With recent dramatic increases in vanilla prices, increasing insecurity came along. Vanilla theft in the fields and in the curing process have become a wide spread problem in the region
Consequently, many farmers spend substantial resources during the last two to three months before harvest guarding their fields against thieves and robbers.

Alternatively, farmers harvest immature vanilla in order to reduce the risk of theft affecting negatively on the quality of the product.

These present major challenges for smallholder farmers in Madagascar of whom the large majority depend on an informal vanilla market beleaguered by a multiplicity of middlemen (Packer 2008,
Fairfood International 2014).
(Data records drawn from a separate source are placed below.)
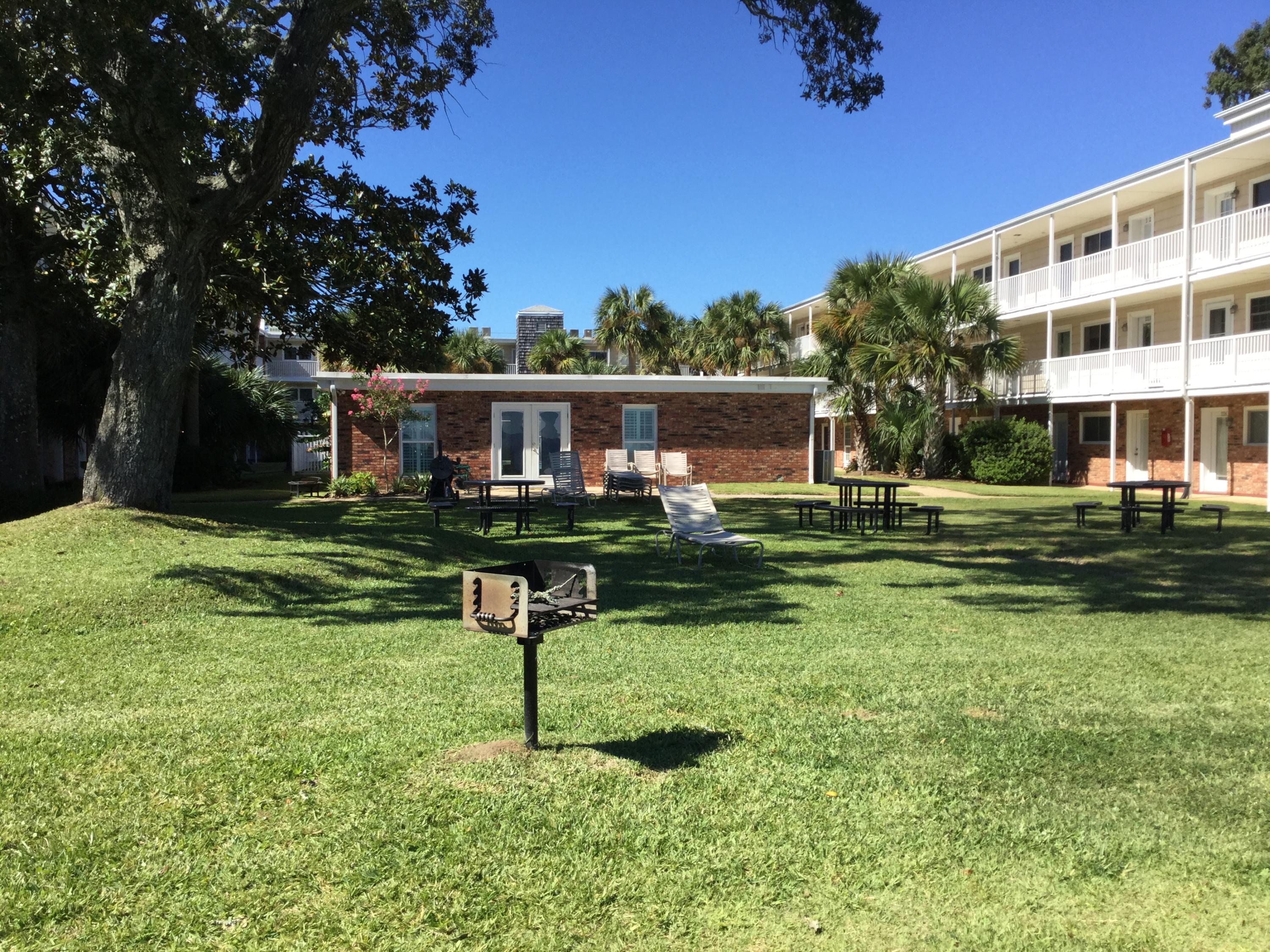 Pensacola Richelieu Condominium - Residential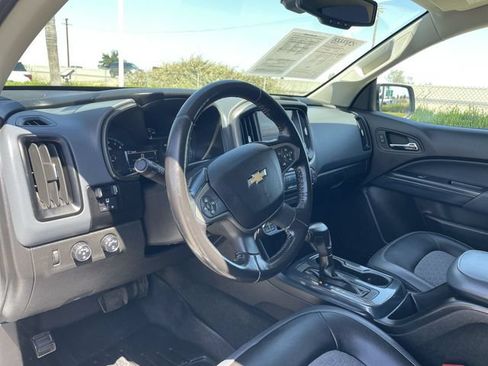 Used 2017 Chevrolet Colorado Z71 AWD/4WD image 10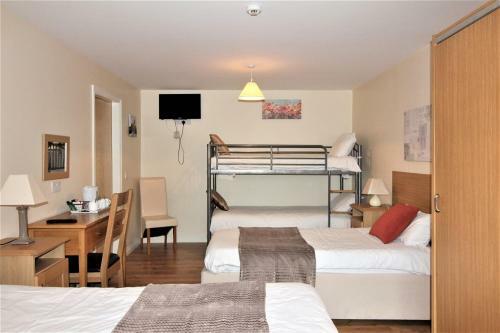 Bed & Breakfast The Connaught Inn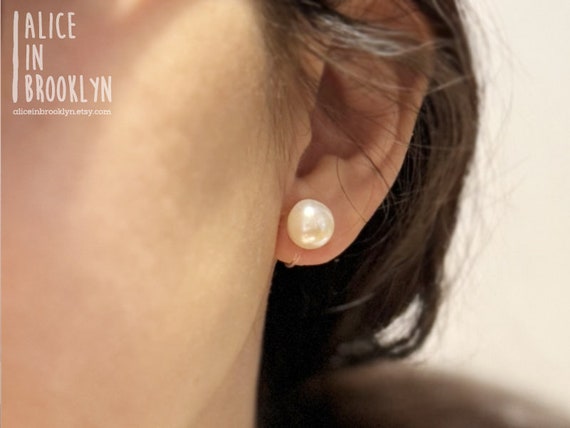 Allergy Free Bridal White Pearl Resin Post Stud Earrings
Other challenges include the complex production cycle of vanilla and climate-related disasters as the region is regularly hit by cyclones.
These repeating devastations to vanilla fields impact the global vanilla supply and have global impact on its prices (Brown 2007).

In 2003, long droughts across Madagascar followed by a devastating cyclone affected local production – even wiping out much of the warehouse stock.
This caused a boom in prices, which was immediately followed by a dramatic price bust

Following the price spike in 2002-2003, an increasing number of national exporters and international flavour houses started Contract Farming Arrangements (CFAs) with vanilla producers.
Such agreements were virtually absent in the vanilla sector prior to this price spike (Packer 2008, Sielaff et al. 2014).As of today (2019) about 15% of all vanilla farmers in SAVA Madagascar are in CFAs with an exporter, collector or other formal business partner today.

A few international flavour houses have established sourcing centers in the SAVA Region. They are either competing or partnering with traditional collectors, importers and exporters. Contracted vanilla farmers receive a varying combination of benefits. The benefits can include price premiums, access to credit, and support for income diversification, technical assistance, vocational training, educational support and free health insurances.